149. A referida apólice tinha como vigência o período compreendido entre 18 de Junho de 2010 e até 17 de Junho de 2011.
150. Nos termos da referida apólice, apenas se encontram cobertos os sinistros decorrentes da actividade transitária da Chamada GP, tal como definida nas condições gerais e particulares daquele documento.
151. A cobertura intitulada de “responsabilidade profissional”, prevista na Secção 6 das coberturas da mencionada apólice tem como capital máximo seguro a quantia de €250.000 por cada ocorrência, sempre dedutível da franquia contratada, a cargo da Chamada GP, equivalente a €800 sobre o valor da reclamação em cada ocorrência [condições particulares da apólice, secção 6, p. 4 – fls. 310 dos autos].

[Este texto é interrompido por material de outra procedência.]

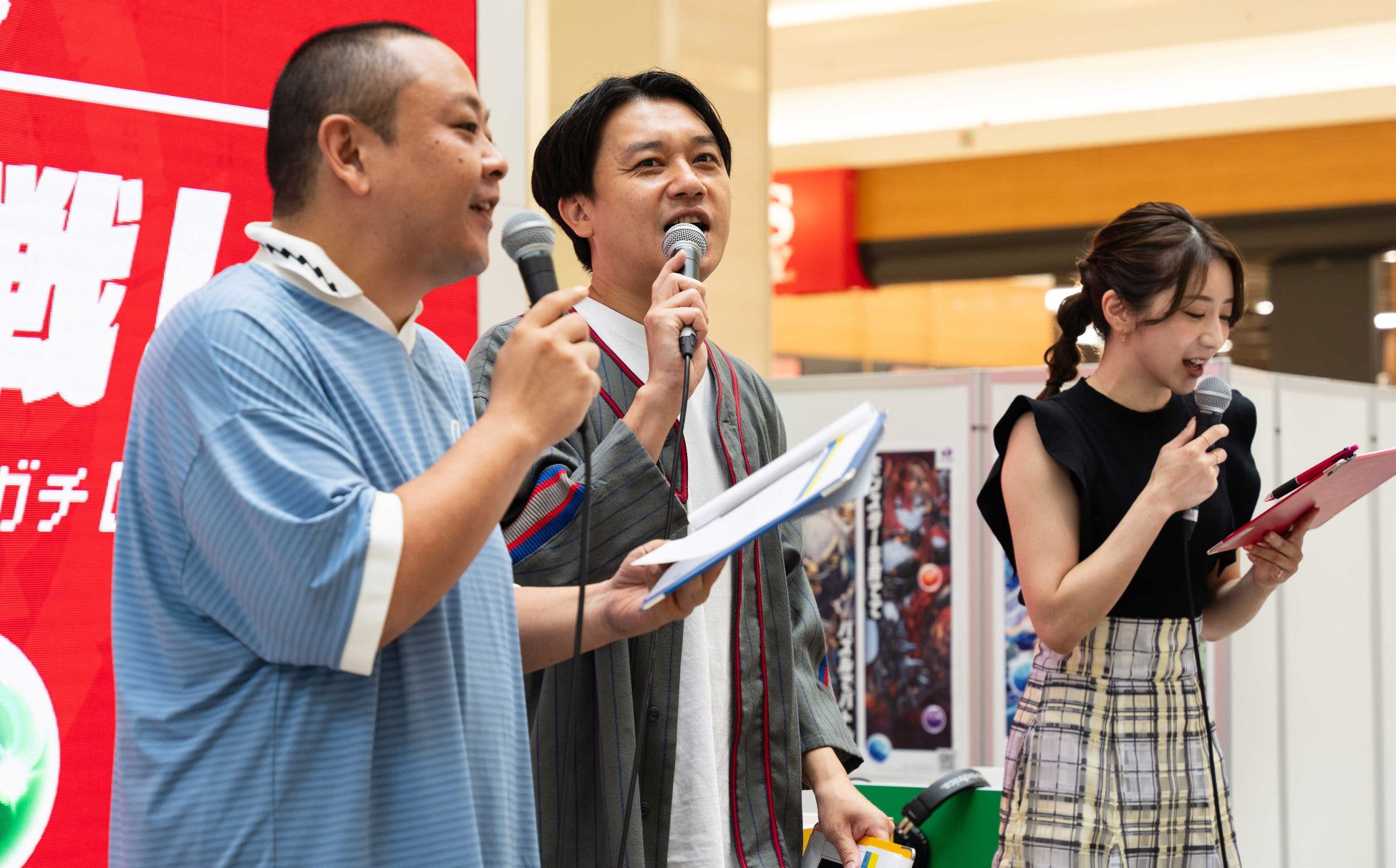 MCの赤羽健壱さん、児玉智洋さん(サルゴリラ) 、アシスタントMCの坂本麻子さん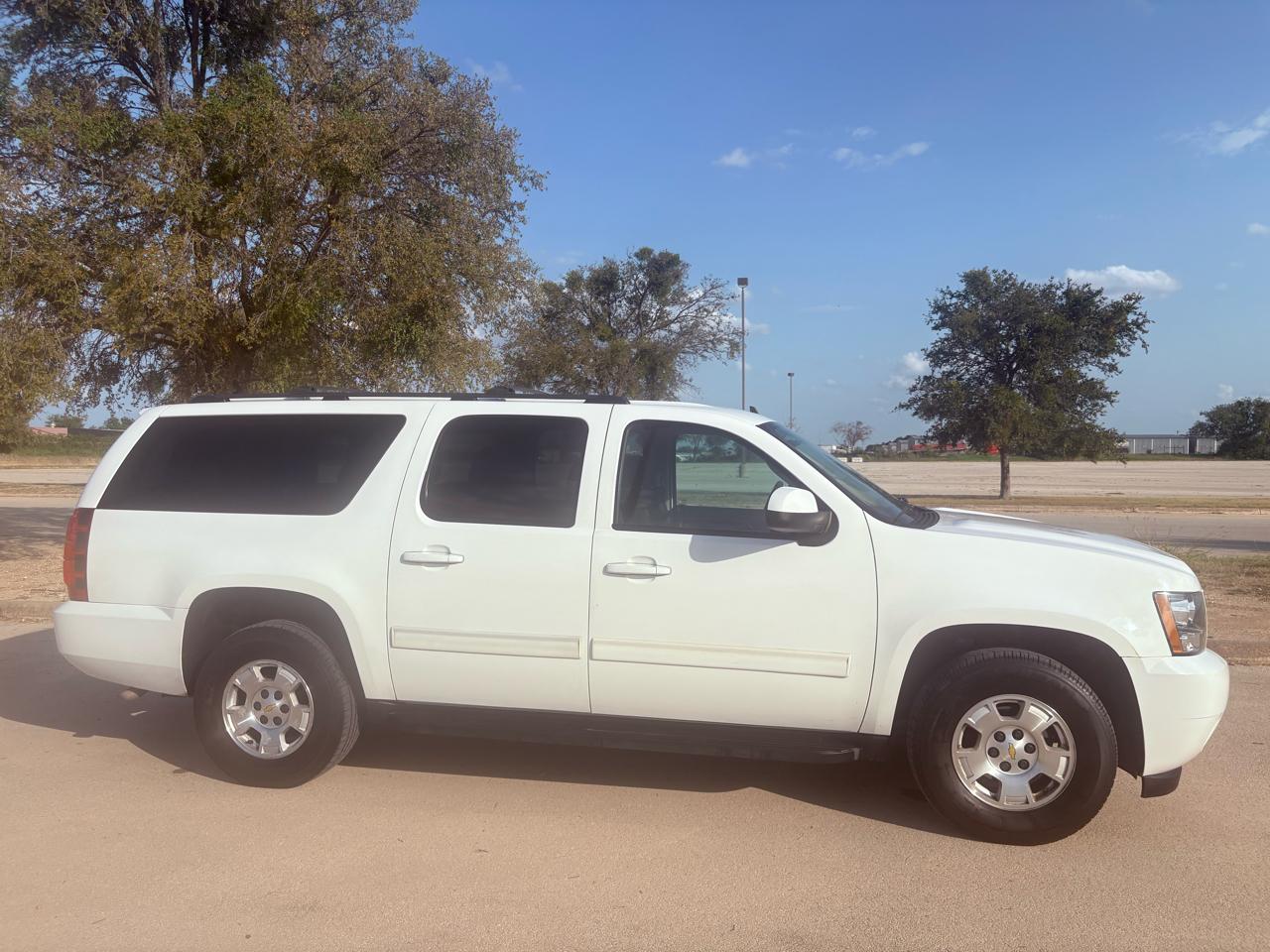 Chevrolet Suburban 2WD 4dr 1500 LS 2013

152. Nos termos da Secção 6 das coberturas da apólice em apreço não se encontram cobertas as reclamações efectuadas um ano após o término da vigência do contrato de seguro [condições gerais da apólice, Secção 6, p. 25, exclusões (d) – fls. 331 dos autos].
153. A Chamada Catlin nada acordou com Autora e Ré para além de que não participou nas negociações que estas estabeleceram tendo em vista a deslocação das mercadorias em causa nos autos.
154. A Chamada Catlin desconhecia o valor, peso, forma de embalagem e acondicionamento das referidas mercadorias.
155. À data da sua citação para os presentes autos, nenhuma reclamação ou participação foi apresentada à Chamada Catlin pela Chamada GP.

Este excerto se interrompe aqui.